В садах послышался собачий лай. Леньку мгновенно оставило ликующее чувство. Сошла оторопь и от Алиных объятий. Схватил ее за руку. На бегу прикидывал: «Тут где-то балка раздваивается... Направо — Сал. К нему лучше...»

Бежали долго. За поворотом возле речки Аля вдруг ойкнула и присела, заводила по бурьяну руками.

— Чего ты?

— Шнурок... лопнул, — едва выговорила она.

Ленька на ощупь связал оборванные концы тряпочной завязки, сердито вытянул ее из балки. Аля притворно стонала.

— Ой, не могу...

От речного ветерка присмирела. Поправляла растрепавшиеся волосы, оглядывалась: где они?

— Ветряк... А там и общий двор.

— Может, обождем? Хутор кверху дном ставят...

— Нам-то что... Акиндей перед тобой шапку ломает, атаман. А полицай и вовсе... Гостишь у него. Разве штука эта... Вон в руке...

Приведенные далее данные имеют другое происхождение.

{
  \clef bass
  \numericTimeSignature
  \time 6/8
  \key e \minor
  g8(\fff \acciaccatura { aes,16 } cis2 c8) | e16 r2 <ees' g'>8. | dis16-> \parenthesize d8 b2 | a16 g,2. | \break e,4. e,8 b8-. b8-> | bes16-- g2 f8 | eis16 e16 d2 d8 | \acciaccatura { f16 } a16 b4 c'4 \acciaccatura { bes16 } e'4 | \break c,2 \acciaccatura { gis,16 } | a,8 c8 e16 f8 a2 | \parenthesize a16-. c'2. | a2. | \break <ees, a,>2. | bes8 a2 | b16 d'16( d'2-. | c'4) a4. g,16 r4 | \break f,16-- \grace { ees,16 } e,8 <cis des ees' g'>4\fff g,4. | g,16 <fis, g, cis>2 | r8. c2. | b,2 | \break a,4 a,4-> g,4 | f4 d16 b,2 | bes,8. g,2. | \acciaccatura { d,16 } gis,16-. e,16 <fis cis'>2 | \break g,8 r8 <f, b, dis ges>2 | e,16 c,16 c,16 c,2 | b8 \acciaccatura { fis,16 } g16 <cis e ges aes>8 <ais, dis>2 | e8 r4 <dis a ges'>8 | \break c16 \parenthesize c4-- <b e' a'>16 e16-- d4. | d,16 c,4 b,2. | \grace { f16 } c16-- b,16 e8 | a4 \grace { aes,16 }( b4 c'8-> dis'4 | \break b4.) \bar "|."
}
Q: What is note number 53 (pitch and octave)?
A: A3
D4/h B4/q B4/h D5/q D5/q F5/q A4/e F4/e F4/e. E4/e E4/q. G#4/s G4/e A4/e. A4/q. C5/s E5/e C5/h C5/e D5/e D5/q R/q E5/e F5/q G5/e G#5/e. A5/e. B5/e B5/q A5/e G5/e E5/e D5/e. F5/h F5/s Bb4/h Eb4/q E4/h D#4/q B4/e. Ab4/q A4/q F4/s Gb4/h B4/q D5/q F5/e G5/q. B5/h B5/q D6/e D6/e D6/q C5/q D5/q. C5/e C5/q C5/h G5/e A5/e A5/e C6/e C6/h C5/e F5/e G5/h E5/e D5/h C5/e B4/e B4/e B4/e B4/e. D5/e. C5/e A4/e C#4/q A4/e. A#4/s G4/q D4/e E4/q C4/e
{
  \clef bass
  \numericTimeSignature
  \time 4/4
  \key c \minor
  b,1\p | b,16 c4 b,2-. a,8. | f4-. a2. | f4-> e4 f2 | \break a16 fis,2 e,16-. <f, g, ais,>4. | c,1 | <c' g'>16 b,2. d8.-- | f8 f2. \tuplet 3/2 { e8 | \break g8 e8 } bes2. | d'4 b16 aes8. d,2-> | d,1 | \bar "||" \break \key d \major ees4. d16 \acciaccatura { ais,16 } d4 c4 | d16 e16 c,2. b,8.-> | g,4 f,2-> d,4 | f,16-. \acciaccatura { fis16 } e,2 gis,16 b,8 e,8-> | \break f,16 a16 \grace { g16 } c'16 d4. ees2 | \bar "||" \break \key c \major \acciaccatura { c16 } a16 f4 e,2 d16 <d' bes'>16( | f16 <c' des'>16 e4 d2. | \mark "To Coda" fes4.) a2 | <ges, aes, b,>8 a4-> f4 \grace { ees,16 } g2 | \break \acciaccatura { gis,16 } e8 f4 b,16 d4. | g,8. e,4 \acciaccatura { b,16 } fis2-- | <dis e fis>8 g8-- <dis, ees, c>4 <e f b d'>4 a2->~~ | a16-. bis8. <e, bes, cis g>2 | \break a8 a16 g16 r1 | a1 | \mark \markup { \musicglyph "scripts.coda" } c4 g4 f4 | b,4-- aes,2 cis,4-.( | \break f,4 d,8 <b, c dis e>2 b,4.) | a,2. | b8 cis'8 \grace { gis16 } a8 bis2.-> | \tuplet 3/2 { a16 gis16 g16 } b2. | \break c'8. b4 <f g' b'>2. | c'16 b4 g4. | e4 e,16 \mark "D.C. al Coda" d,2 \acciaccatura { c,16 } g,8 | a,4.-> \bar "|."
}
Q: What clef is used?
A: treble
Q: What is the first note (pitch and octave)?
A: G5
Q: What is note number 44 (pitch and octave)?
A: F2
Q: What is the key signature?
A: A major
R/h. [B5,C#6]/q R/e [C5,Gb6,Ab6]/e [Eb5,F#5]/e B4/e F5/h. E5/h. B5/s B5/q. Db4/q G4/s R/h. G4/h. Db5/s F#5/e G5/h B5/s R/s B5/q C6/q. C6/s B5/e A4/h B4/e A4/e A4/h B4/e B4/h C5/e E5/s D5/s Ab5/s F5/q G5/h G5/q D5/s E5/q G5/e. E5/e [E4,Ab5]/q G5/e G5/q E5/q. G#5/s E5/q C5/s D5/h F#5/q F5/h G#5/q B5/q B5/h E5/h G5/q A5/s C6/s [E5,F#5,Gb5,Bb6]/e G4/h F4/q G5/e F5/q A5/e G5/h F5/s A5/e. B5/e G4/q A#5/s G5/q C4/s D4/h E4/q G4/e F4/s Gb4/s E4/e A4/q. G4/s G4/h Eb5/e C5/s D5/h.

Ленька смущенно вертел ракетницу — с ней он давно должен был расстаться. Вышибло из головы... Ступил ближе к яру, швырнул в Сал.

Аля резко, всем телом кинулась, хотела удержать руку, слабо ахнув, успела обхватить его шею. Не моргая глядела снизу в глаза.

Дурману будто вдохнул Ленька. Пень пнем стоял. Руки хотя бы догадался подставить. Пристыженный, поправил кубанку, пошел следом. И не замечал обиду в ее приподнятых плечах и слегка вскинутой голове.

Погодя стал оправдываться:

— Отслужила... Чего же? Больше некому сигналить, не прилетят.

Аля не отзывалась.

Шли бездорожно, по бурьянам. Хутор околесили — пожар оказался перед глазами. Четко выделялась соломенная крыша конюшни. Уже подходили к крайней хате. Аля дернула его за полу:

— Под руку возьми...

Вспыхнуло у Леньки лицо, будто пощечин получил. Возле чьей-то хаты кучковалась молодежь. Аля сама взяла Леньку под руку, прижалась головой к плечу. Подошли.

Девчата сбились в сторонке, парни стояли на завалинке. Ослабевший огонь едва подсвечивал строгие, нахмуренные лица. Кто-то наклонился к ним, кивая на сады: видали, мол?

В другом конце хутора, где контора, лаяли собаки. На кого злобились? Ни моторов, ни людских голосов не слыхать.

Отошли, Аля шепнула:

— Тот, какой оглядывал, друг Сенькин... Васька Жук. С ним они спалили хлеб и сено.

Ухарски сдвинул Ленька кубанку, взял Алю повыше локтя. Подтолкнул легонько, но смело. Покорно пошла. Говорила с грустной усмешкой, не поднимая головы:

— Все тут косятся на меня... Из-за румына этого. Сватается, предлагает ехать с ним. А я смеюсь да на гитаре играю. Денщики огромные чемоданы раскрывают... Купить хочет. Вещи награбленные, наши — наряды из театров...

Расставались на вчерашнем месте, у плетня. Молчали. Попробовал было Ленька отшутиться:

— А жених твой... спит.

Аля подняла лицо. Не усмешка, а укор светился в ее глазах. Спросила:

— Может... пойду я?

Шевельнул Ленька неопределенно плечом. Глядел на разгоревшийся серпик луны. Скрипнула калитка — вздрогнул. Аля уже подбегала к крыльцу. Хотел крикнуть, но не посмел.